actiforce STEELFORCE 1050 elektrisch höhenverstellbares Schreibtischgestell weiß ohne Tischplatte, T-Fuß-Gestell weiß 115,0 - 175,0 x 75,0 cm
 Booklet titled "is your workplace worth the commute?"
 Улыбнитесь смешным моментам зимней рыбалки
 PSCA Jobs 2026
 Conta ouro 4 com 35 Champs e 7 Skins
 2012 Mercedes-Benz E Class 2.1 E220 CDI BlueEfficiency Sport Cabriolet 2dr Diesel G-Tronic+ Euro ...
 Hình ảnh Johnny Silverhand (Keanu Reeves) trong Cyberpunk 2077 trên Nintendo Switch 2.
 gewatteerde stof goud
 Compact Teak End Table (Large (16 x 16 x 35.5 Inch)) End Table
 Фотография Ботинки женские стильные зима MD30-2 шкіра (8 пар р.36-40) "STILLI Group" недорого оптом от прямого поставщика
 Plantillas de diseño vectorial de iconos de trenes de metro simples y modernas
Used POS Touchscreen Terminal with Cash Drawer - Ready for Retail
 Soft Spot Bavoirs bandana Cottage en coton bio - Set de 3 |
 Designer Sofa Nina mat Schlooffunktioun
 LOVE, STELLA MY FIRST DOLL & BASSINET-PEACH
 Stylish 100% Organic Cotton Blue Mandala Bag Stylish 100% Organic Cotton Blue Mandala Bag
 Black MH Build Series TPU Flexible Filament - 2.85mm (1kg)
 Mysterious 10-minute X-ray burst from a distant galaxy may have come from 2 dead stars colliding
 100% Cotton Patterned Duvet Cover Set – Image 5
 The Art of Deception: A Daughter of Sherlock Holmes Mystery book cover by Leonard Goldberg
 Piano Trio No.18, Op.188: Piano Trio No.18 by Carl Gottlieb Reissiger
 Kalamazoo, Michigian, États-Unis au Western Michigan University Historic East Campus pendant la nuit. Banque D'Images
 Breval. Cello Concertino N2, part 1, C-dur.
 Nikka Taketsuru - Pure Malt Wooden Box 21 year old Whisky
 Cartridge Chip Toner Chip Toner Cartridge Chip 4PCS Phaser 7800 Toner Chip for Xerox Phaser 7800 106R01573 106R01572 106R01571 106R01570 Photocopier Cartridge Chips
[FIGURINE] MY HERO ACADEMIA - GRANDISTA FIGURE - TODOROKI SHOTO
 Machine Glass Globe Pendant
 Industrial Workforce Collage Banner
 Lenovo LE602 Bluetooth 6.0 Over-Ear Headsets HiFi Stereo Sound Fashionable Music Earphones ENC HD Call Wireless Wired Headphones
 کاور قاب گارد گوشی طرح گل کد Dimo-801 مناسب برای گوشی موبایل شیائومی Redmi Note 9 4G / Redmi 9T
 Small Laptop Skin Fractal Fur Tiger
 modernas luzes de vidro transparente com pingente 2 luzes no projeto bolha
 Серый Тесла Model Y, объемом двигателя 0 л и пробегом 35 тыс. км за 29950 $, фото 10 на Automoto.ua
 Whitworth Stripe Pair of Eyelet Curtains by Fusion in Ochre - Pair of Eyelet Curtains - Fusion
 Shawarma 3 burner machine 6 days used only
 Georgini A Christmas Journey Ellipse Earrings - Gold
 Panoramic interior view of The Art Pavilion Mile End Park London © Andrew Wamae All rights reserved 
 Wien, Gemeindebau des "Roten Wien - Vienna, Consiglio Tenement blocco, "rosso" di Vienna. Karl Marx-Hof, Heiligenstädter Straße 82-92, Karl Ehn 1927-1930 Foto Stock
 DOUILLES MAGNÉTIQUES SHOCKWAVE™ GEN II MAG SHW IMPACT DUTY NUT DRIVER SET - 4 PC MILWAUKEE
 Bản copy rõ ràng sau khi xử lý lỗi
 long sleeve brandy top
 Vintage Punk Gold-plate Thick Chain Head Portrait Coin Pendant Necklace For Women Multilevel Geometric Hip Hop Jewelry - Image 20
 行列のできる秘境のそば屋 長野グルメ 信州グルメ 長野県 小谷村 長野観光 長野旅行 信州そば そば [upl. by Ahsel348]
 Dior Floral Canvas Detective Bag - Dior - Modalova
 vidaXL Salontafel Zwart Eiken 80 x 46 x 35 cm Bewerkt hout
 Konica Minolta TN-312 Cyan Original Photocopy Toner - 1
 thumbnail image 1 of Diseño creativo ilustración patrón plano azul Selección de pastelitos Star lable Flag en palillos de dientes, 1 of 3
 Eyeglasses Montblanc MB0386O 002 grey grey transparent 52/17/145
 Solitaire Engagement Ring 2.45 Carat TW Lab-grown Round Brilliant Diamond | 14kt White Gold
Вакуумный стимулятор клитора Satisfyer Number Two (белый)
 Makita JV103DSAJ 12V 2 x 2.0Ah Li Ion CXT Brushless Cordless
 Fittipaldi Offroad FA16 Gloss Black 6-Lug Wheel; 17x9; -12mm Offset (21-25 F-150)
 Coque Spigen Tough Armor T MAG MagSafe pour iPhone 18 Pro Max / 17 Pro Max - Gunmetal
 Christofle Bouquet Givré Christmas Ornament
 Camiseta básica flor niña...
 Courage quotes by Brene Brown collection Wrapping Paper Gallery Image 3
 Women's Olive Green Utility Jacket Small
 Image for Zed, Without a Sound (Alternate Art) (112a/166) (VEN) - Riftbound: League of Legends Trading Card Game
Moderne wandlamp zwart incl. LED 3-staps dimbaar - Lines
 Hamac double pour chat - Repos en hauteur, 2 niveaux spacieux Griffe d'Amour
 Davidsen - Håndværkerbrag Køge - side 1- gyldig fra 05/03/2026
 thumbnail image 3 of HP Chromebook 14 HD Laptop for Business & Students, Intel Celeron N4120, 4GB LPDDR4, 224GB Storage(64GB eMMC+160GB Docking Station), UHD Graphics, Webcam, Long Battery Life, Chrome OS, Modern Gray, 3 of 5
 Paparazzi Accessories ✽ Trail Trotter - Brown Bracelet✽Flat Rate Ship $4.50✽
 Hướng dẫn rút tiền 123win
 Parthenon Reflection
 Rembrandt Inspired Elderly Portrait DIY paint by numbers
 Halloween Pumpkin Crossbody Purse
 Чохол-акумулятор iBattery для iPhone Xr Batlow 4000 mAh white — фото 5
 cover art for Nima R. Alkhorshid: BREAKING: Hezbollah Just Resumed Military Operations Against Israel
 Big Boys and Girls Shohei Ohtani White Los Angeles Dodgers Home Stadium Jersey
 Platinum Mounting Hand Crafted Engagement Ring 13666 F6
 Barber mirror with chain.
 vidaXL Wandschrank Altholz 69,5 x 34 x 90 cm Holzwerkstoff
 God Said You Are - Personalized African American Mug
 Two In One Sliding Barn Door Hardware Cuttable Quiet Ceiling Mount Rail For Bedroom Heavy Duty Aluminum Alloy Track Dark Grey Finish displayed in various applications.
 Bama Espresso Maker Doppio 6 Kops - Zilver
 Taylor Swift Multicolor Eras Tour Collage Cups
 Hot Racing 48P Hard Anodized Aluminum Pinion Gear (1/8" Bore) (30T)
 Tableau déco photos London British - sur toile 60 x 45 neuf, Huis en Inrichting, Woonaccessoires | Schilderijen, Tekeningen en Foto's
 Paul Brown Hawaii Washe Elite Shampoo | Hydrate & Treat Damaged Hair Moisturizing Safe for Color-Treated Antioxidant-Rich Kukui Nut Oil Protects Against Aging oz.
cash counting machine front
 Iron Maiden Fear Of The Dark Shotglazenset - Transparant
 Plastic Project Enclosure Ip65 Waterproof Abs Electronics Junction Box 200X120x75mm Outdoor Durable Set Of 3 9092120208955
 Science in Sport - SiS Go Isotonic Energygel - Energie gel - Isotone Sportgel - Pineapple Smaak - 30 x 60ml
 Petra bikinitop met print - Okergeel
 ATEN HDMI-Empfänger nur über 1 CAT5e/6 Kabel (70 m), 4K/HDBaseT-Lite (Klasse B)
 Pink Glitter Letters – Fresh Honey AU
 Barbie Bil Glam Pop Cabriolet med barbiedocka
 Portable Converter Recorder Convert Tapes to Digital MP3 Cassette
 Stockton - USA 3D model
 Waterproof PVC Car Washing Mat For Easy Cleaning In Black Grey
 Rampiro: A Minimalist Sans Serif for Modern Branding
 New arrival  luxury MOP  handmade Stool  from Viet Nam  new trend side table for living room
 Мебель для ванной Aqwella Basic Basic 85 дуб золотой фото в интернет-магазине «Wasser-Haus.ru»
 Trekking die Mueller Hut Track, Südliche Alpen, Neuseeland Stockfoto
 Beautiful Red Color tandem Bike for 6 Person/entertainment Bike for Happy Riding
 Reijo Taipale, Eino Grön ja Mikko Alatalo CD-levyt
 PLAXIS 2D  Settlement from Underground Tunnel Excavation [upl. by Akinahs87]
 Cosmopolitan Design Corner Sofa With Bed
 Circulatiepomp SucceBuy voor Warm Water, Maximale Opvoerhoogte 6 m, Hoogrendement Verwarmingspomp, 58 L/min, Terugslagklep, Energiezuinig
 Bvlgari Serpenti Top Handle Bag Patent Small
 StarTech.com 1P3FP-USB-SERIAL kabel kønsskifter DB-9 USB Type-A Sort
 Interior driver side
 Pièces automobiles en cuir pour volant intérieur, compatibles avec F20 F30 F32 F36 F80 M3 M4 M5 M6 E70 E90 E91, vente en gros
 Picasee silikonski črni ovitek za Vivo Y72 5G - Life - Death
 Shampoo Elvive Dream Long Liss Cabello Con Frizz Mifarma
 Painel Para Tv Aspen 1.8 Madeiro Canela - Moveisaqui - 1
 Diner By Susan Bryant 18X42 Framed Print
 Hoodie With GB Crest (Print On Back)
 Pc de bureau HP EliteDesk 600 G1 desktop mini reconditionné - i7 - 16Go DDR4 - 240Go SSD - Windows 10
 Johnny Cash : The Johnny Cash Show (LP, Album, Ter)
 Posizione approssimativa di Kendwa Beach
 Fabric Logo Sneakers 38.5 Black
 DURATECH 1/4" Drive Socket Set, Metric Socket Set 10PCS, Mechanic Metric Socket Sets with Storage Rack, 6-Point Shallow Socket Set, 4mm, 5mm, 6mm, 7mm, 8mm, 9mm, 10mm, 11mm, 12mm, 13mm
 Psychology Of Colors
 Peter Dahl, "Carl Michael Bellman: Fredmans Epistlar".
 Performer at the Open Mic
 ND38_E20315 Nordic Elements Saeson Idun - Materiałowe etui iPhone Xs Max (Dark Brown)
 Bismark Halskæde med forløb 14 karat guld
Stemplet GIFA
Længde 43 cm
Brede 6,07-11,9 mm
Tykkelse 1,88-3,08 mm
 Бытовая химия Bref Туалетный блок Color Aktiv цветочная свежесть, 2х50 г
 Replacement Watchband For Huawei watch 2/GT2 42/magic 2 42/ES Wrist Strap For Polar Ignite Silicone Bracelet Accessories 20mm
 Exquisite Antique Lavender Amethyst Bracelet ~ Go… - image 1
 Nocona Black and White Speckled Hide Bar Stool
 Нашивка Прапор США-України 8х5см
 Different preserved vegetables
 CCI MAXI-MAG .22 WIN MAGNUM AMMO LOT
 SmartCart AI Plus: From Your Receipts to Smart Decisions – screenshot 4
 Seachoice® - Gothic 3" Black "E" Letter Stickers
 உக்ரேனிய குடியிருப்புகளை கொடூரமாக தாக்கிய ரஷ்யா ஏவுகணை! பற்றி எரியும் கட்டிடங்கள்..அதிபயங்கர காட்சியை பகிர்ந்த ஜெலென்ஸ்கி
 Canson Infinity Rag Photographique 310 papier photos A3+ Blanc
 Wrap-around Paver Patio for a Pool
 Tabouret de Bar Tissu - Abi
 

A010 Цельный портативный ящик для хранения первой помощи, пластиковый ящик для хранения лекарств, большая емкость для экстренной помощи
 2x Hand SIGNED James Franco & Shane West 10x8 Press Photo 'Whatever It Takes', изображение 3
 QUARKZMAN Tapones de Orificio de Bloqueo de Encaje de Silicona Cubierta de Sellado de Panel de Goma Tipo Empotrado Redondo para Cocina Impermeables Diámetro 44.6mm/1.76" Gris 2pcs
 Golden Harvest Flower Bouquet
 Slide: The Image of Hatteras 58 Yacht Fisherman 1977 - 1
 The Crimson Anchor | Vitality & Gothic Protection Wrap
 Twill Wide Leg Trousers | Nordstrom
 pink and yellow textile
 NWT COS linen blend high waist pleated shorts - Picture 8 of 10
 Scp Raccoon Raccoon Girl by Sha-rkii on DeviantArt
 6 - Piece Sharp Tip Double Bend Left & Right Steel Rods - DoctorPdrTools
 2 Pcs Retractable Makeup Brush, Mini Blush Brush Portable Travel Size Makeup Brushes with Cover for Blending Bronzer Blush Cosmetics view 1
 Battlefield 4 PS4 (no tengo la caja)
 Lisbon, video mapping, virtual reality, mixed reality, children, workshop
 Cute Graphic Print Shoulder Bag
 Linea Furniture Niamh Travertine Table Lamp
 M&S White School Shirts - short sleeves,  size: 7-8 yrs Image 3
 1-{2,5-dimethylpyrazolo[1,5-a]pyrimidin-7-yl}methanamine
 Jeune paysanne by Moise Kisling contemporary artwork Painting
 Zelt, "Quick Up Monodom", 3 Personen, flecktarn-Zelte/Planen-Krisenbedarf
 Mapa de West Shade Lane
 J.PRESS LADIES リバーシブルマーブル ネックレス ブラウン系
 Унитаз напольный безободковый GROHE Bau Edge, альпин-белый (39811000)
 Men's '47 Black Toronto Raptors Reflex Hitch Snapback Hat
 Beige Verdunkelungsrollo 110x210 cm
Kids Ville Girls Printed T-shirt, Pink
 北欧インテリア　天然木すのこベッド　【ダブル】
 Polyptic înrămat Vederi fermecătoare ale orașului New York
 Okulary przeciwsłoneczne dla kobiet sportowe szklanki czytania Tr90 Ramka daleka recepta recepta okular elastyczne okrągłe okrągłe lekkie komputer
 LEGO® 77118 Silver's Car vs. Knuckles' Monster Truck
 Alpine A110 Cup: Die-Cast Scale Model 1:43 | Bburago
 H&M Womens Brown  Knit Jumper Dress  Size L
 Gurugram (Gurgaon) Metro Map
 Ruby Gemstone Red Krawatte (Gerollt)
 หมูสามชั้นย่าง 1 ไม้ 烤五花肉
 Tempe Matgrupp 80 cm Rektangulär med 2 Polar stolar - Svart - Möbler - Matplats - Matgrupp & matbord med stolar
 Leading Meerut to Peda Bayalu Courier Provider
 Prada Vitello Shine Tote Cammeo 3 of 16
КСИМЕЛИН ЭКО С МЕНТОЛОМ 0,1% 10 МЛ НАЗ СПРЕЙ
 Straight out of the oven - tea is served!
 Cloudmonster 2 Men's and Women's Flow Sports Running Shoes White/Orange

▶ _ASSIGNED TASK_:
Word for word, reproduce the lines of the listing from the first one through the line containing "Soft Spot Bavoirs", and no more.

▶ _RESPONSE BELOW_:
actiforce STEELFORCE 1050 elektrisch höhenverstellbares Schreibtischgestell weiß ohne Tischplatte, T-Fuß-Gestell weiß 115,0 - 175,0 x 75,0 cm
 Booklet titled "is your workplace worth the commute?"
 Улыбнитесь смешным моментам зимней рыбалки
 PSCA Jobs 2026
 Conta ouro 4 com 35 Champs e 7 Skins
 2012 Mercedes-Benz E Class 2.1 E220 CDI BlueEfficiency Sport Cabriolet 2dr Diesel G-Tronic+ Euro ...
 Hình ảnh Johnny Silverhand (Keanu Reeves) trong Cyberpunk 2077 trên Nintendo Switch 2.
 gewatteerde stof goud
 Compact Teak End Table (Large (16 x 16 x 35.5 Inch)) End Table
 Фотография Ботинки женские стильные зима MD30-2 шкіра (8 пар р.36-40) "STILLI Group" недорого оптом от прямого поставщика
 Plantillas de diseño vectorial de iconos de trenes de metro simples y modernas
Used POS Touchscreen Terminal with Cash Drawer - Ready for Retail
 Soft Spot Bavoirs bandana Cottage en coton bio - Set de 3 |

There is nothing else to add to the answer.